Grab your plate of piping hot chole bhature while you skim through the history of North India's favourite delicacy. This blend of legends is an insight into the dish's journey to Delhi
A plate of Chole Bhature
A plate of Chole BhatureShutterstock

The connection between Delhi and its chole bhature is a unique love affair. Each year, as the chilly winter settles in, hundreds seek solace in a comforting bowl of spicy chana (chickpeas) paired with bhature (deep- fried breads), pickles and salad. Beyond its culinary excellence, this dish mirrors Delhi's cultural heritage, which dates back to the Mughal era.

An evening stroll in a popular market, and you will see the streets dotted with many stalls serving the delicacy piping hot. But did you know that the origin of this popular North Indian street food has many versions and folklore that eventually brought it to the capital's lanes?

The Mughal Connect

With the expansion of trade routes in ancient times, Chana Masala (flavoured chickpeas) arrived in India alongside spices and other culinary practices. It is believed that the Mughal rulers introduced this dish to the Indian subcontinent. Renowned for their love for flavours, the Mughals carried a culinary heritage that combined techniques and tastes from Persian, Turkish, and Indian culinary traditions.

For representational purposes
For representational purposesShutterstock

The Partition Tale: Journey To Delhi

There are various tales about how chole bhature made its way to Delhi, but the most widely accepted story is linked to the partition of India in 1947. The partition wasn't merely a division; it separated cultures, families, and love, leaving a lasting impact.

Many migrated from Pakistan to India during those challenging times, including Peshori Lal Lamba. He left Lahore, his hometown, and began anew in Delhi, where he set up the now-iconic Kwality restaurant in Connaught Place. The legend goes that culinary connection offered comfort during turbulent times.

Lamba is believed to have begun selling chole before pairing it with bhature. He is also considered the first man to introduce the concept of bhature.

The Legend Of Sita Ram

Another common narrative claims that Sita Ram, the founder of Sita Ram Diwan Chand, introduced chole bhature. The legend goes that Sita Ram migrated to Delhi with his son Diwan Chand. Their very first plate of chole bhature was priced at 12 annas. This initial success paved the way for the growth of their business.
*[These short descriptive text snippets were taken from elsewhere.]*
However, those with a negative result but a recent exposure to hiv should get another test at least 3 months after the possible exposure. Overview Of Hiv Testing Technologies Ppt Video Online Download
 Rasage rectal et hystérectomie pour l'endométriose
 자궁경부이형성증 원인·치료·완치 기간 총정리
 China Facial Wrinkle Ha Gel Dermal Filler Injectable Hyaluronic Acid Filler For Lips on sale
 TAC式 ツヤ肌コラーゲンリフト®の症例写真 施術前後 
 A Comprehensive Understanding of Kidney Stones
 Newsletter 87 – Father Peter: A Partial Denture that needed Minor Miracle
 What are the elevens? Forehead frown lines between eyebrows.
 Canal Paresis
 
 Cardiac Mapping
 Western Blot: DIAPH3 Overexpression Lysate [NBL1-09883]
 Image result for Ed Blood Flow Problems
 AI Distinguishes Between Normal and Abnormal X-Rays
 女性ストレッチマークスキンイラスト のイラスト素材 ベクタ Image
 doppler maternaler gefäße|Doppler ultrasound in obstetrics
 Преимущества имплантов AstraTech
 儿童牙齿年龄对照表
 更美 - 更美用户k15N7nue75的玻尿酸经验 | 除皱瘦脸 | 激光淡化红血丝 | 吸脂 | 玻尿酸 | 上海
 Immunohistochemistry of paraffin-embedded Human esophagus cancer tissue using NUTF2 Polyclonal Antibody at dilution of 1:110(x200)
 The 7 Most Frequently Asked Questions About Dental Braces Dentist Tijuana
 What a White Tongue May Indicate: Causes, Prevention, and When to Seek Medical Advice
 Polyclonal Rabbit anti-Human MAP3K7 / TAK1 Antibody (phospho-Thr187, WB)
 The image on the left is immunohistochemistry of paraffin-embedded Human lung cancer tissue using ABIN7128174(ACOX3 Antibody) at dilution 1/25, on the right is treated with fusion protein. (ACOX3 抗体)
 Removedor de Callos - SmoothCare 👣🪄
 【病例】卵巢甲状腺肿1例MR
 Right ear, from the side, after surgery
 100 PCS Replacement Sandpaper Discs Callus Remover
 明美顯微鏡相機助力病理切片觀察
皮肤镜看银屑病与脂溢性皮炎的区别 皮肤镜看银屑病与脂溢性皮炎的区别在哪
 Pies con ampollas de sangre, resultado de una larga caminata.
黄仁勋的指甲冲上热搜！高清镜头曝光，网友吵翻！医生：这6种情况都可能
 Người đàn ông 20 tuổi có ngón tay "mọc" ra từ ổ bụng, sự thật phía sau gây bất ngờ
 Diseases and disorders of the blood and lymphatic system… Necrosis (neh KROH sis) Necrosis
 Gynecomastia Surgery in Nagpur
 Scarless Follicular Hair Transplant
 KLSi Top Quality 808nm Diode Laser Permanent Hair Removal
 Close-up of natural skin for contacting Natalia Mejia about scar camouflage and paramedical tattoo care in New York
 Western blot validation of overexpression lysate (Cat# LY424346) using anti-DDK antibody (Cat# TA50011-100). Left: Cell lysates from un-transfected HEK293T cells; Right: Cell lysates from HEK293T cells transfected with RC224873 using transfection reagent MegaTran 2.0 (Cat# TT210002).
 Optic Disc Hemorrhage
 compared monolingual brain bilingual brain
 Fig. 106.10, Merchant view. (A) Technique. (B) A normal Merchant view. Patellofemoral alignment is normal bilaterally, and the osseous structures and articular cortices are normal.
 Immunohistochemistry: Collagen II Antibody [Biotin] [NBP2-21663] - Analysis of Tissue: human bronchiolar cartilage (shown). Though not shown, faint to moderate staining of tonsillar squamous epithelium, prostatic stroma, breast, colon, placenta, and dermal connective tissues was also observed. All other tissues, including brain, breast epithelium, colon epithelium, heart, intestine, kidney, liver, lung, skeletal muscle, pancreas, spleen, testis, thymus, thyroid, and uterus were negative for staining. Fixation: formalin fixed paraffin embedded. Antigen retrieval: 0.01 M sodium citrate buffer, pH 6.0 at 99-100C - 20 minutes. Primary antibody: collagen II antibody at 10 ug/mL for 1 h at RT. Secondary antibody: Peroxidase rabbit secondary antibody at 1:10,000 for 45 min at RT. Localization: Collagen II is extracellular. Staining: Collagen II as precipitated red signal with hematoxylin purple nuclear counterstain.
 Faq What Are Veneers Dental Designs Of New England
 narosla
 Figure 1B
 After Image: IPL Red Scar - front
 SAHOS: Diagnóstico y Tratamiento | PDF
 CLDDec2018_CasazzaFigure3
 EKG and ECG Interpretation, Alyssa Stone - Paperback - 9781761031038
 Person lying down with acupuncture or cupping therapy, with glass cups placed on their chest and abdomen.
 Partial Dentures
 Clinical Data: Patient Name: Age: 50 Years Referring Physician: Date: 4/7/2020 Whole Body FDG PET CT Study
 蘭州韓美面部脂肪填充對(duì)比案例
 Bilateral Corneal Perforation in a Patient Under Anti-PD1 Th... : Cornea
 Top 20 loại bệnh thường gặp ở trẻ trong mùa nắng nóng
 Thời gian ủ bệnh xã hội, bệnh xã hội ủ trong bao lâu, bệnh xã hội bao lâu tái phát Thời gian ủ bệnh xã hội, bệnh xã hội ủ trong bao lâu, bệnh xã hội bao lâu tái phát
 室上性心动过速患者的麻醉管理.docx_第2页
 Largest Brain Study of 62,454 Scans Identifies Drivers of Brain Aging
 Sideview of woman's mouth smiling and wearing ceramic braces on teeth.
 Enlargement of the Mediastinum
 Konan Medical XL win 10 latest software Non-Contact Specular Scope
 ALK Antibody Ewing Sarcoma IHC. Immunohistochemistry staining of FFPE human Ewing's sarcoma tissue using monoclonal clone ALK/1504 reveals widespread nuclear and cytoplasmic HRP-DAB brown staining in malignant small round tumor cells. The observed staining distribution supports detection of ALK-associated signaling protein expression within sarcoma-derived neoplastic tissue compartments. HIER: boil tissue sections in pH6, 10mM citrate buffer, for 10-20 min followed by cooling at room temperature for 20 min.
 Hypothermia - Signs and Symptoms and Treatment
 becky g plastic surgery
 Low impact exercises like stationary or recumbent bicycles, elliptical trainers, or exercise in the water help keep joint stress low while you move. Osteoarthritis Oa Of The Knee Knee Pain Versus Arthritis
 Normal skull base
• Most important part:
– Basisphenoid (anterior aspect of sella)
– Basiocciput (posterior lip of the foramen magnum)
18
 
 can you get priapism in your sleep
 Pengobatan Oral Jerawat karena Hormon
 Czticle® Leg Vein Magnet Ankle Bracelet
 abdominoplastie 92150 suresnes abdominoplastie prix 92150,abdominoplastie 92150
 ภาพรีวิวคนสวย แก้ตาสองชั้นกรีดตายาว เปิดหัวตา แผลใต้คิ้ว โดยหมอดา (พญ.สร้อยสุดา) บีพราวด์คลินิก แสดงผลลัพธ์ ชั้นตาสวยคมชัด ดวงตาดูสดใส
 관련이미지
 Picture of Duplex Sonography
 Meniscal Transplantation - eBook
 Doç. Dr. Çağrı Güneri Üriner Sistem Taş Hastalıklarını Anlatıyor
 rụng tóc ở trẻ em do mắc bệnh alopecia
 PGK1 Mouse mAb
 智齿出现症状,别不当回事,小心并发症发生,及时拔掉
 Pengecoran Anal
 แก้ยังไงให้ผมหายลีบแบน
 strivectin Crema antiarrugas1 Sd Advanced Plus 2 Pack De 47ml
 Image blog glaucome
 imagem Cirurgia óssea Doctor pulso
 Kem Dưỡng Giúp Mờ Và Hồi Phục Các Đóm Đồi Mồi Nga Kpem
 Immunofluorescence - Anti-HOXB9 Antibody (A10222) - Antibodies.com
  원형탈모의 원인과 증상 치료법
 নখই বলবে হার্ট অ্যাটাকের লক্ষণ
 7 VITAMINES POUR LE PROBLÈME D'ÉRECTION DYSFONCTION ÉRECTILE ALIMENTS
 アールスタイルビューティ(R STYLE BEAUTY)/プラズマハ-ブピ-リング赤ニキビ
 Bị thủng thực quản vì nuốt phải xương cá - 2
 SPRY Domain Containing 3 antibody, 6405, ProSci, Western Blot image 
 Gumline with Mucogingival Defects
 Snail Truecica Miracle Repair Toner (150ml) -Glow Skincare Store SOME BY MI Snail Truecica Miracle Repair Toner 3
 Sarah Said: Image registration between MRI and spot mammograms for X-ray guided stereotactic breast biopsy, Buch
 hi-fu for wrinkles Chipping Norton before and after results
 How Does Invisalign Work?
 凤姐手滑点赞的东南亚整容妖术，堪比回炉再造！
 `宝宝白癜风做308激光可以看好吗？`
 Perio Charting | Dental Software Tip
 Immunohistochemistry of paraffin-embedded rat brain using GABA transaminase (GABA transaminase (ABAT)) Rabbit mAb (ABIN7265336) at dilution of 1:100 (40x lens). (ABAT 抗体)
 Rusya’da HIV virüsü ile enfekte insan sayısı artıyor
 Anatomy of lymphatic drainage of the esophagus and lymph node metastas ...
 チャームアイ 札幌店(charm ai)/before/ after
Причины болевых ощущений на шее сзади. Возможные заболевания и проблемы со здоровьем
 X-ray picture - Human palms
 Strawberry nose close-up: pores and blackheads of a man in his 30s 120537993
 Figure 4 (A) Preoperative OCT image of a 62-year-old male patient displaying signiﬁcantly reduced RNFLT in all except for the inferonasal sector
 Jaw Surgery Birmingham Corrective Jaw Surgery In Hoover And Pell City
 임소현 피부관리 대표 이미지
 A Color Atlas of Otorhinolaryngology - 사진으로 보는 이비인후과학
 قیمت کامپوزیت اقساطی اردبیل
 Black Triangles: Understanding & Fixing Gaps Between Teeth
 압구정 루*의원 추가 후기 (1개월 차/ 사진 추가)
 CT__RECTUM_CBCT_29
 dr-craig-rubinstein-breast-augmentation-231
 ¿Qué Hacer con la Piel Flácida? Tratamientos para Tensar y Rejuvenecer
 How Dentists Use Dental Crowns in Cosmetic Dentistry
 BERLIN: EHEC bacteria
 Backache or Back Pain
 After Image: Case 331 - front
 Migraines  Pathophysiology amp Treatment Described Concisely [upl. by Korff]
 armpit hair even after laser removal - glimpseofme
According to their website, Sita Ram started the chole bhature venture alongside Diwan Chand, initially on a bicycle in 1950. Their stall swiftly became a sought-after destination opposite DAV School, drawing students and locals. Later around 1980, the shop was moved to the bustling lanes of Paharganj, where it remains operational. Today, their chole-bhature empire is spread across different parts of Delhi.

From North To South

Chole bhature has unexpectedly gained popularity in South India, with several Udipi restaurants offering it and strengthening its legacy among North and South Indian connoisseurs.